Shidonna Raven Fashion - Home & Heirloom Collection. All Rights Reserved. Copyright. Trademark.

Photo Source: Unsplash


Dangerous, low-paid work for ‘disposable’ clothes

The constant push for cheaper manufacturing traps skilled garment workers in extremely unsafe working conditions. Deadly fires frequently rip through clothing factories around the world. March 2020 alone saw 66 fires in factories across the industry – that’s two per day.

It’s been 10 years since the worst fashion factory disaster, and little has changed. The 2013 Rana Plaza factory collapse in Bangladesh killed 1,134 people and injured 2,500 (mostly young women).


These women knew their working conditions were dangerous.


The Rana Plaza building was declared unsafe in the days leading up to the collapse. Fashion companies forced the suppliers to fulfil their orders anyway.


Imagine working at your machine, in quiet terror, as the building cracked around you, sewing the hem of a garment that might never even be worn.


That was a decade ago, and if anything the problem of waste in fashion has gone into overdrive – the exploitation of lives; of human labour and skill; all the way to the garment waste ending up on Ghanaian beaches.
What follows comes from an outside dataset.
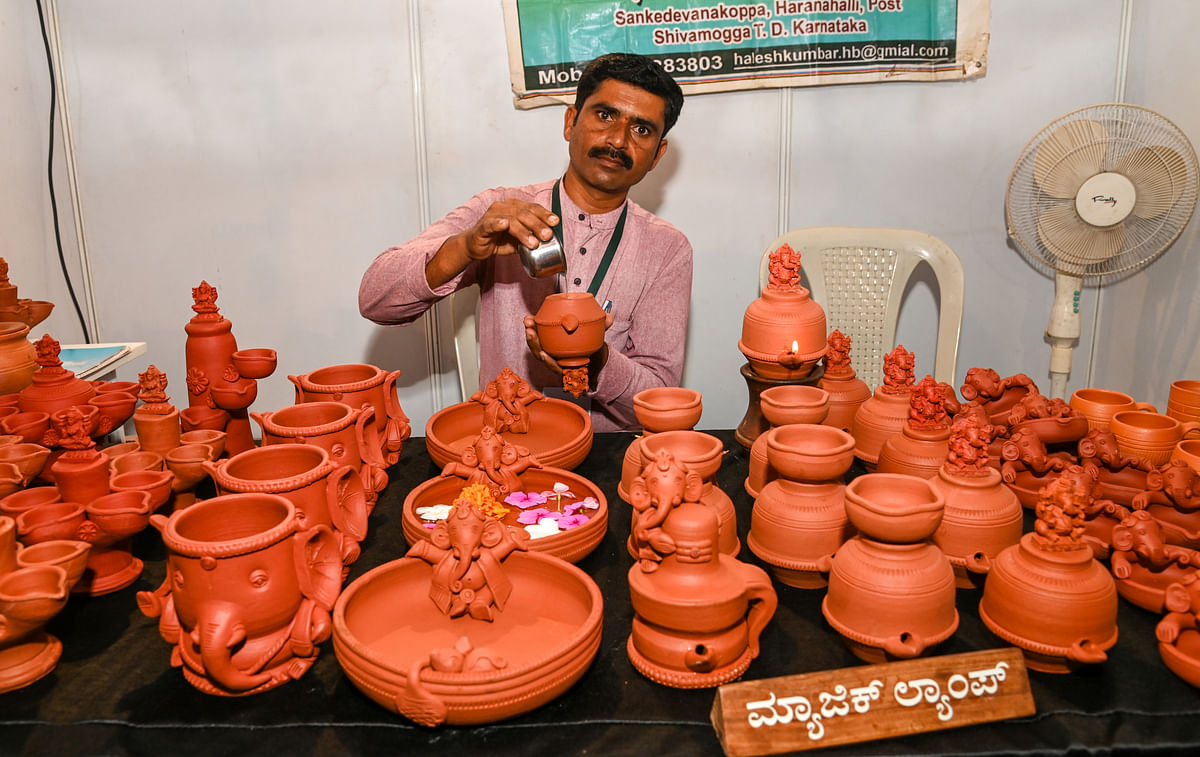 ಜೇಡಿ ಮಣ್ಣಿನಲ್ಲಿ ತಯಾರಿಸಿದ ಕುಂಬಾರಿಕೆಯ ಸಾಮಗ್ರಿಗಳನ್ನು ಪ್ರದರ್ಶಿಸಿದ ಎಸ್‌.ಬಿ. ಹಾಲೇಶ್‌.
And sometimes, companies don’t pay the workers at all.


Just as the world went into COVID-19 lockdowns, the fashion industry owed $16 billion to garment workers for orders completed before the pandemic shut their stores. Some still haven’t been paid.


How has it come to this? Do we now just accept that clothing has to be made from oil and misery – so it can remain dirt cheap, and far too plentiful? Is it our fault as customers who need clothing to function in society?